Von diesem immensen Fresko aus ging auf die italienische und europäische Kunstgeschichte so etwas wie »ein mächtiger Bergstrom« nieder, »befruchtend und verwüstend zugleich«, wird Wölfflin 1899 unter Verwendung einer schönen und mittlerweile berühmt gewordenen Metapher sagen: nichts sollte so bleiben wie zuvor. Giorgio Vasari schreibt in einem berühmten Abschnitt aus seinem Künstlerleben sehr eindrücklich: »Dieses Werk war und ist wahrlich die Leuchte unserer Kunst, die der Kunst der Malerei so viel Nutzen und Licht geschenkt hat, daß es ausreichend war, um die Welt zu erleuchten.« Leuchte, Licht, erleuchten: drei Worte Vasaris, dem Herzen derer nahe, die an jenem 31. Oktober 1512 bei der Vesper zugegen waren.
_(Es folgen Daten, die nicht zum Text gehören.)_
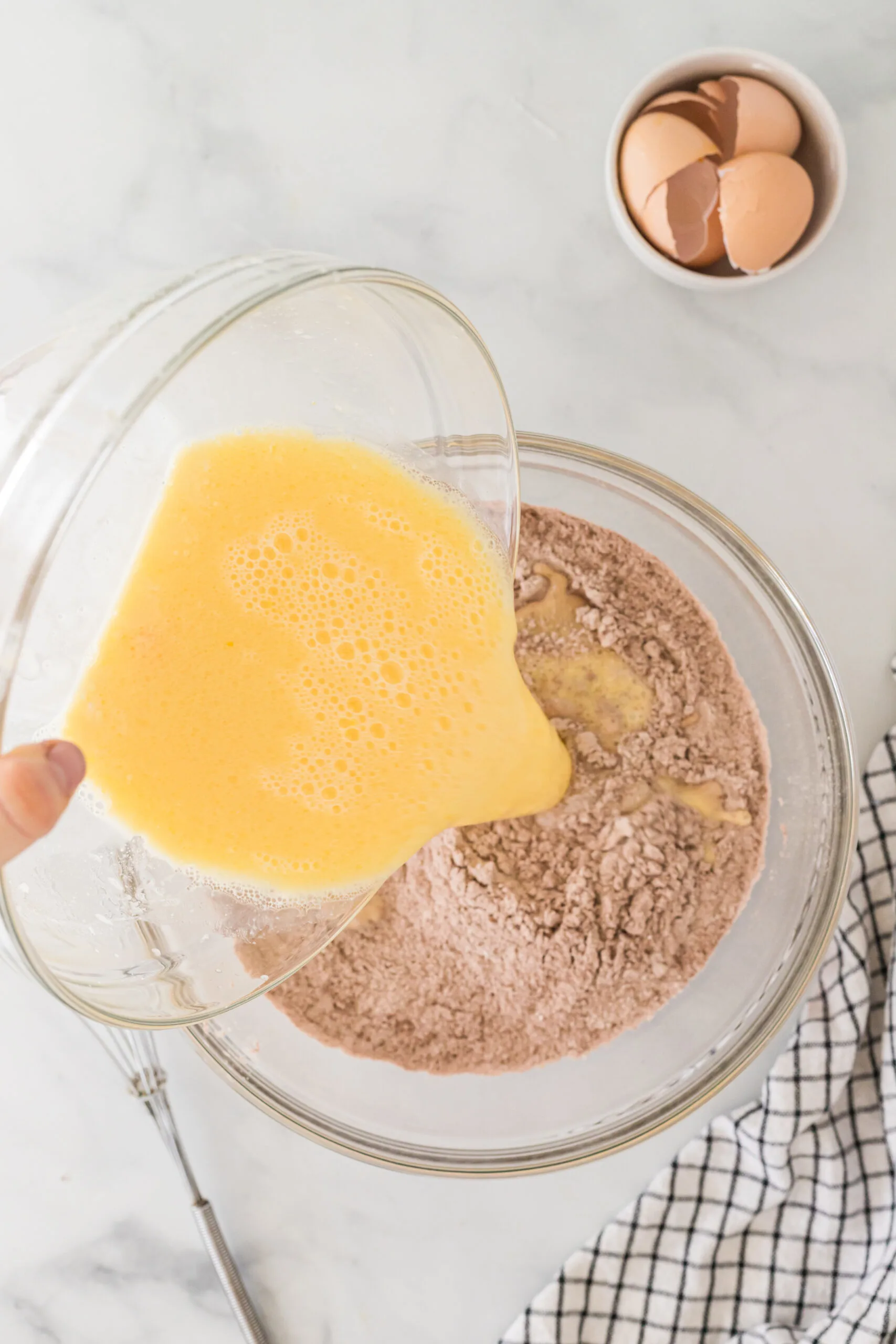 egg mixture being poured into dry mixture.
Aber es handelt sich hier nicht nur um Licht, das von der weisen kontrastreichen Verwendung der Farbe ausgeht oder von der Bewegung, die das Meisterwerk Michelangelos beseelt, sondern von der Idee, die die große Decke durchzieht: es ist das Licht Gottes, das die Fresken und die ganze päpstliche Kapelle erhellt. Jenes Licht, das mit seiner Macht das Chaos und die Dunkelheit besiegt, um Leben zu schenken: in der Schöpfung und in der Erlösung. Und die Sixtinische Kapelle erzählt diese Geschichte des Lichts, der Befreiung, des Heils, sie spricht von der Beziehung Gottes zur Menschheit. Mit der genialen Decke von Michelangelo wird der Blick angeregt, die Botschaften der Propheten durchzugehen, zu denen sich die heidnischen Sybillen in der Erwartung Christi gesellen, bis hin zum Anfang von allem: »Im Anfang schuf Gott Himmel und Erde« (Gen 1,1). Mit einzigartiger Ausdruckskraft zeichnet der große Künstler Gottvater, sein Handeln, seine Macht, um klar zu sagen, daß die Welt nicht von der Dunkelheit, dem Zufall, dem Absurden hervorgebracht wird, sondern einer Vernunft entstammt, einer Freiheit, einem höchsten Akt der Liebe. In jener Begegnung zwischen dem Finger Gottes und dem des Menschen nehmen wir den Kontakt zwischen Himmel und Erde wahr; in Adam tritt Gott in eine neue Beziehung zu seinem Geschöpf, der Mensch steht in direkter Beziehung zu ihm, er ist von ihm gerufen, er ist nach dem Bild Gottes geschaffen, ihm ähnlich.

Zwanzig Jahre später wird Michelangelo im Jüngsten Gericht das große Gleichnis des Weges der Menschheit abschließen, indem er den Blick auf die Erfüllung dieser Wirklichkeit der Welt und des Menschen lenkt, auf die endgültige Begegnung mit Christus, dem Richter der Lebenden und der Toten. Heute abend hier in der Sixtinischen Kapelle zu beten, eingehüllt in die Geschichte Gottes mit dem Menschen, die in den Fresken über uns und um uns wunderbar dargestellt ist, ist eine Einladung zum Lobpreis, eine Einladung, mit allen Heiligen die Worte des Gesangs der Apokalypse zu Gott, dem Schöpfer, Erlöser und Richter der Lebenden und der Toten, zu erheben: »Amen, halleluja! […] Preist unseren Gott, all seine Knechte und alle, die ihn fürchten, Kleine und Große! […] Halleluja! […] Wir wollen uns freuen und jubeln und ihm die Ehre erweisen« (19,4.5.7a). Amen.